A word about terminology: this is not a "segmented sieve". That refers to the sieving of successive segments, one after another, updating the core primes list as we go. Here the top limit is known in advance and its square root is very small.

The same core primes are used to sieve each separate offset segment, so this may be better described as an "offset" sieve of Eratosthenes. For each segment being sieved, only the core primes not greater than its top limit's square root need be used of course; but the core primes are not updated while each such offset segment is sieved (updating the core primes is the signature feature of the "segmented" sieve).

Answer 8

Your upper bound is 10^9. The Sieve of Eratosthenes is O(N loglogN) which is too much for that bound.

Here are a few ideas:

Faster primality tests

The problem with a naive solution where you loop over the range [i, j] and check whether each number is prime is that it takes O(sqrt(N)) to test whether a number is prime which is too much if you deal with several cases.

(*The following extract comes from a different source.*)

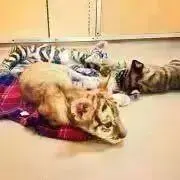 ˚✧₊グレージュ⁎⁺˳✧の画像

However, you could try a smarter primality testing algorithm. Miller-Rabin is polynomial in the number of bits of N, and for N <= 10^9, you only need to check a = 2, 7 and 61.

Note that I haven't actually tried this, so I can't guarantee it would work.

Segmented sieve

As @KaustavRay mentioned, you could use a segmented sieve. The underlying idea is that if a number N is composite, then it has a prime divisor that is at most sqrt(N).

We use the Sieve of Eratosthenes algorithm to find the prime numbers below 32,000 (roughly sqrt(10^9)), and then for each number in the range [i, j] check whether there is any prime below 32,000 that divides it.

By the prime number theorem about one in log(N) numbers are prime which is small enough to squeeze in the time limit.